Fischer afirmou que o TRF-2 detalhou ações coordenadas pela Alerj no sentido de criar desarmonia entre os Poderes, causando obstáculos ao efetivo exercício da jurisdição.

“Posicionamentos que demonstram, ao menos nesse momento procedimental, e de modo concreto, a probabilidade de que novas atitudes dessa natureza possam se protrair, com a criação de diversos óbices ao cumprimento das decisões judiciais, chegando a ser cogitado, pela Corte de origem, até mesmo a requisição de forças e a intervenção federal, à luz do que aduz o artigo 34 da Carta Maior e artigo 19 da Lei 8038/90”, fundamentou o ministro.

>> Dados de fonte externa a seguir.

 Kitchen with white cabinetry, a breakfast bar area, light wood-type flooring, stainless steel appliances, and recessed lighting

No caso de Paulo Melo, o ministro apontou trechos da decisão do TRF-2 que descrevem o repasse de propinas de empresários cariocas para o parlamentar, reforçando, na visão do tribunal regional, a necessidade da prisão preventiva. A análise da justificativa usada pelo TRF-2, em primeiro momento, não demonstra qualquer ilegalidade, segundo Fischer.

Outro pedido
O relator rejeitou também um segundo pedido de liminar em Habeas Corpus pleiteando a liberdade do deputado Paulo Melo. Nesse caso, o ministro sublinhou que o pedido de HC sequer apresenta cópia do decreto de prisão, inviabilizando a análise da tese de ilegalidade sustentada pela defesa.

O ministro solicitou informações detalhadas sobre os processos e abriu vista dos autos ao Ministério Público Federal. Após a opinião do MPF, o mérito dos pedidos será analisado pela 5ª Turma do STJ. Com informações da Assessoria de Imprensa do STJ.

HC 426.710
HC 426.871
HC 426.480

Revista Consultor Jurídico, 29 de novembro de 2017, 15h44

Comentários de leitores

1 comentário

Ironia do destino!

Marcio Luciano Menezes Leal (Administrador)

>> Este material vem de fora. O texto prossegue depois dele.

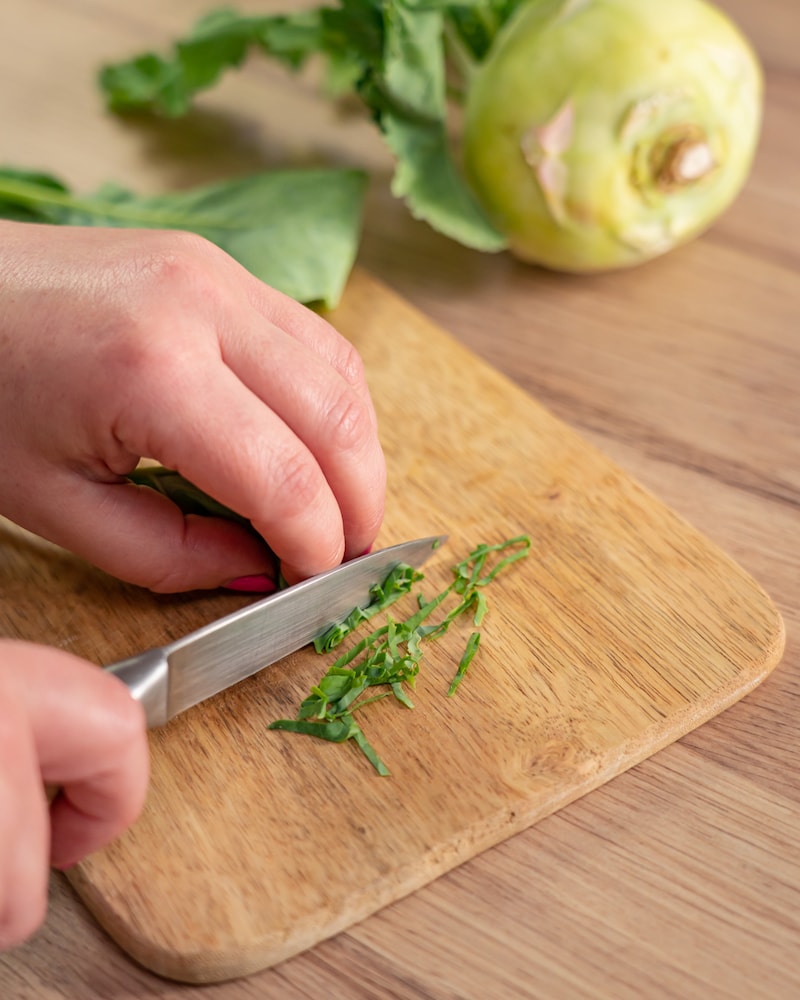 Dieses Bild zeigt, wie die Kohlrabiblätter geschnitten werden.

Tanto o deputado Jorge Picciani quanto o deputado Paulo Melo, quando exerceram o cargo de presidente da Alerj, atuaram para sepultar o Projeto de Lei nº 2162/2009, de autoria do então deputado Noel de Carvalho, que “estabelece a obrigatoriedade da realização de exame para detecção precoce de tuberculose entre ingressos no sistema penitenciário do Estado do Rio de Janeiro, que apesar de ter sido aprovado por todas às comissões permanentes onde tramitou, somado ao reconhecimento público do Fundo Global, bem como do Dr. Drauzio Varella, restou arquivado por ação nefasta dos citados parlamentares, que por ironia do destino, hoje se encontram à mercê de contraírem essa doença infecto-contagiosa!